§ **REQUIRED WORK**:
The answer must be the lines from the one that holds "Mercedes-Benz GLC 300" through the final line of the data, copied exactly, with no pictures.

§ **DATA TO EXAMINE**:
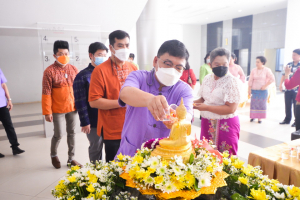 งานทำบุญกลางบ้าน สืบสานประเพณีสงกรานต์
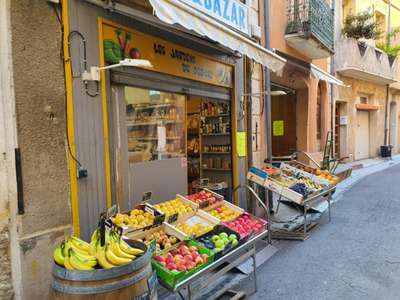 Vente épicerie primeur 140m² emplac N°1 à Gignac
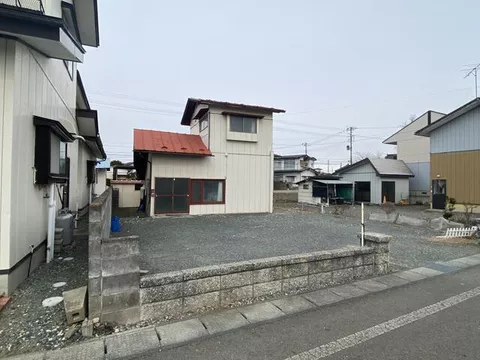 Hanamaki City, Yokkaicho 2-chome (Hanamaki Station) 2-story building 3K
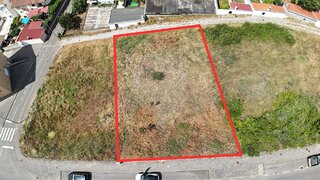 Terreno de 726 m² em Bragança
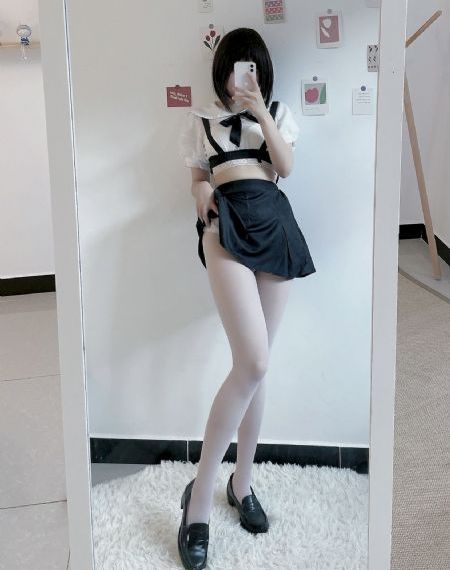 天天夜夜人人视频_BD英语在线视频播放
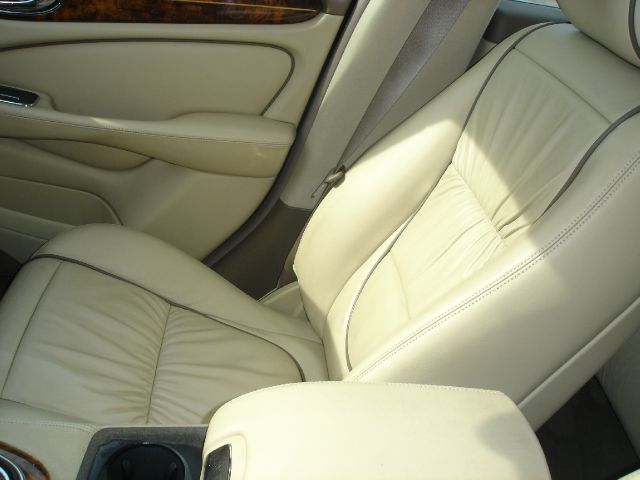 2005 JAGUAR XJ8 Coupe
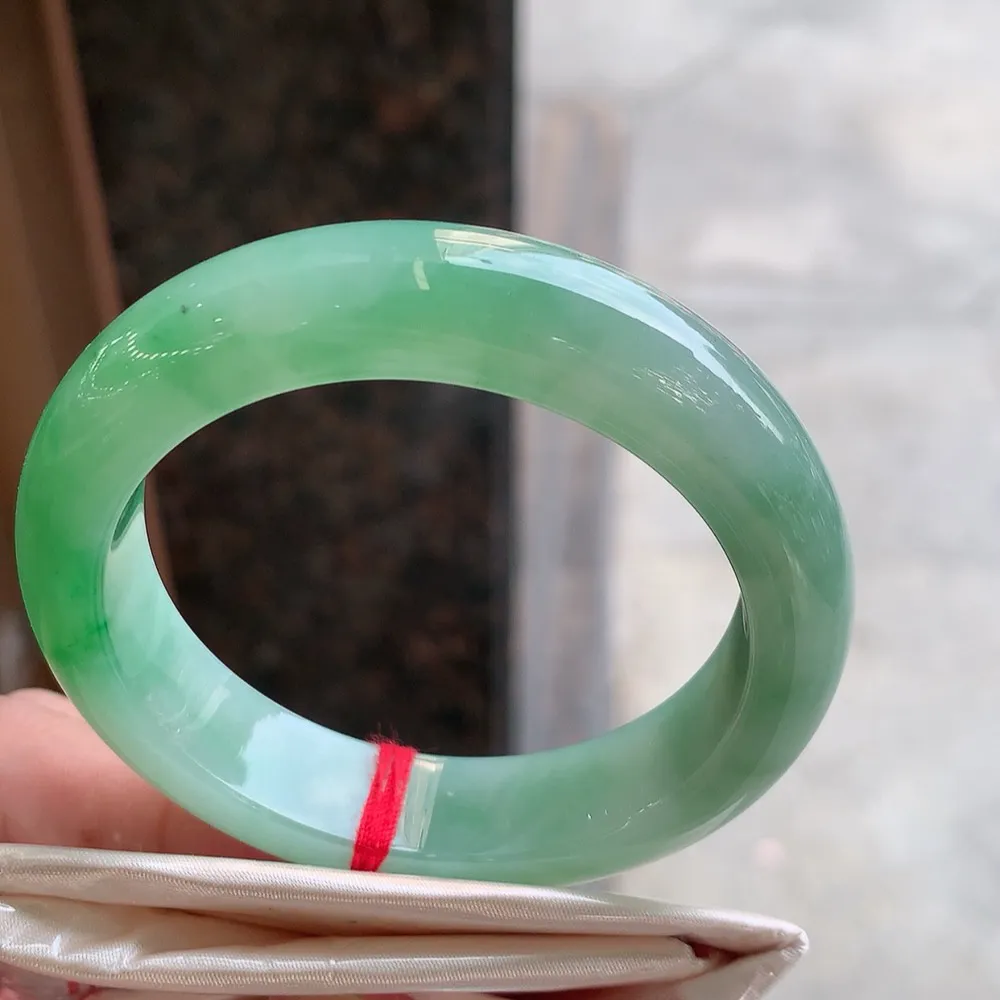 正圈冰翠绿 无瑕 尺寸:52.1/13.1/8.8 色好🥰🥰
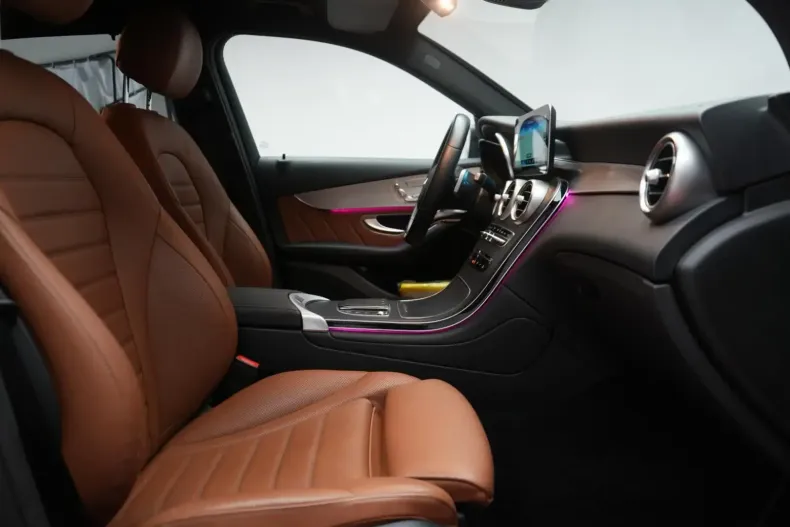 Mercedes-Benz GLC 300 din 2021 cu 87.000 km - oferta MER120351 - foto 5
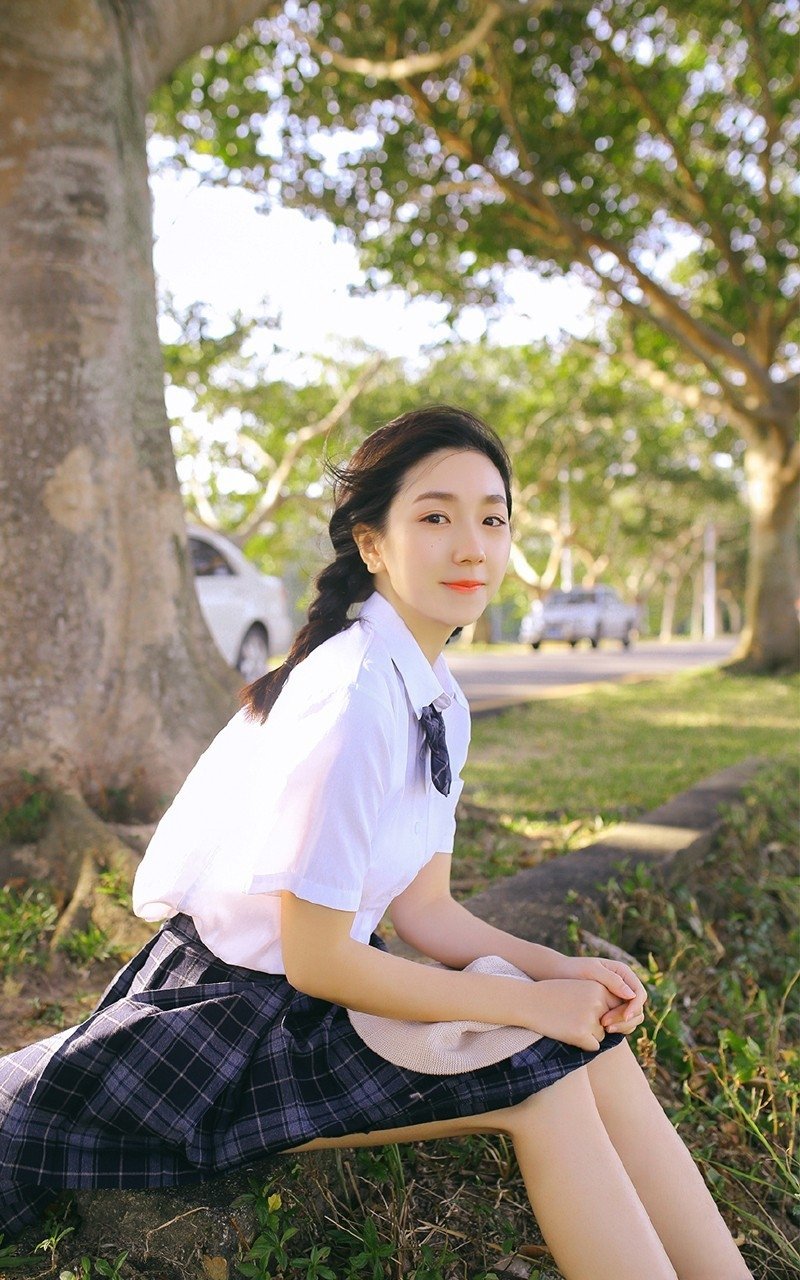 张杰43岁冬日穿短袖 陪谢娜看舞剧《牡丹亭》 感情稳定让人羡慕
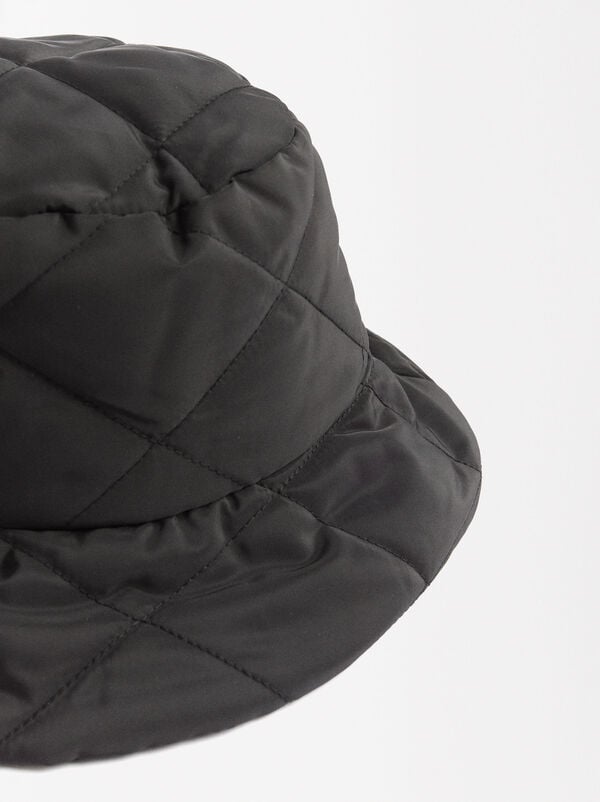 Bucket hat
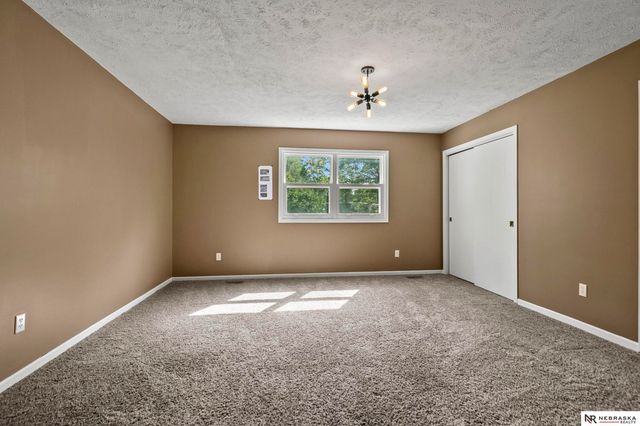 3710 N 40th Street, Lincoln, NE 68504
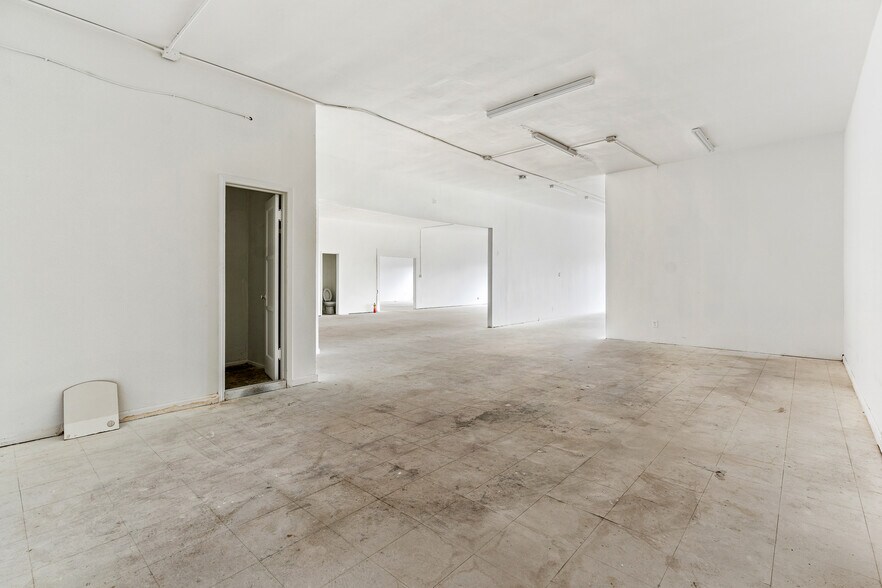 More Photos Of 3015 Artesia Blvd, Torrance Storefront Retail Office For Sale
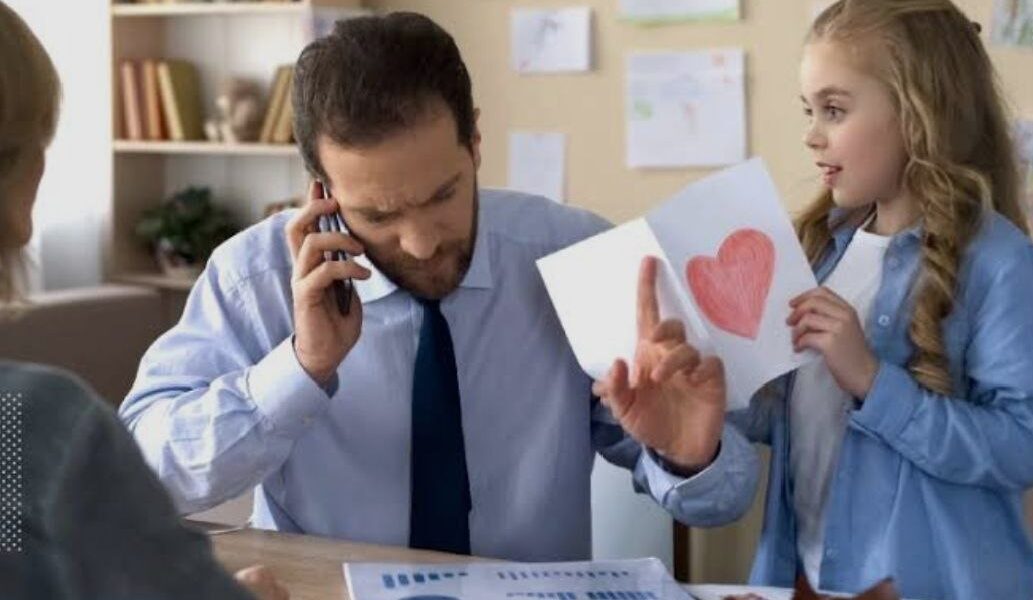 التواجد الذهني للأهل.. الاستثمار الفعلي في مستقبل الأبناء والمجتمع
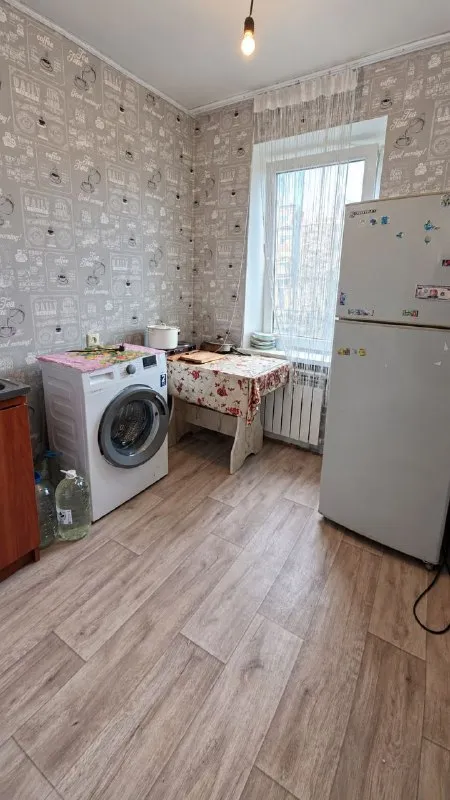 Продаётся 1-комнатная квартира

🌆Город макеевка, объединённый, ул. Щербака, 3📌

✅5/9 Этаж
📐Площадь 23,31 м², жилая комната — 12,7 м², кухня — 5,3 м²
✅Дом галерейного типа

💰Цена 850 000 ₽

🔥 Отдельная квартира по цене комнаты! Своя кухня, санузел и балкон — отличный бюджетный вариант для проживания или сдачи в аренду.

🔑 О квартире:
→ Жилое состояние
→ Пластиковое окно и балконный блок
→ Совмещённый санузел с душевой зоной
→ Центральное отопление
.. . Бель, холодильник, стиральная машина, бойлер

💡 Главное преимущество: за 850 000 ₽ вы получаете полноценную отдельную квартиру со всеми необходимыми помещениями, а не комнату с общими удобствами.

Александр | топ риелтор днр
📲☎️+7 949 451-30-60
Telegram / max по телефону

Подписаться  |  📩дать объявление
📲Наш max - фотография - 5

§ **TASK RESPONSE**:
 Mercedes-Benz GLC 300 din 2021 cu 87.000 km - oferta MER120351 - foto 5
 张杰43岁冬日穿短袖 陪谢娜看舞剧《牡丹亭》 感情稳定让人羡慕
 Bucket hat
 3710 N 40th Street, Lincoln, NE 68504
 More Photos Of 3015 Artesia Blvd, Torrance Storefront Retail Office For Sale
 التواجد الذهني للأهل.. الاستثمار الفعلي في مستقبل الأبناء والمجتمع
 Продаётся 1-комнатная квартира

🌆Город макеевка, объединённый, ул. Щербака, 3📌

✅5/9 Этаж
📐Площадь 23,31 м², жилая комната — 12,7 м², кухня — 5,3 м²
✅Дом галерейного типа

💰Цена 850 000 ₽

🔥 Отдельная квартира по цене комнаты! Своя кухня, санузел и балкон — отличный бюджетный вариант для проживания или сдачи в аренду.

🔑 О квартире:
→ Жилое состояние
→ Пластиковое окно и балконный блок
→ Совмещённый санузел с душевой зоной
→ Центральное отопление
.. . Бель, холодильник, стиральная машина, бойлер

💡 Главное преимущество: за 850 000 ₽ вы получаете полноценную отдельную квартиру со всеми необходимыми помещениями, а не комнату с общими удобствами.

Александр | топ риелтор днр
📲☎️+7 949 451-30-60
Telegram / max по телефону

Подписаться  |  📩дать объявление
📲Наш max - фотография - 5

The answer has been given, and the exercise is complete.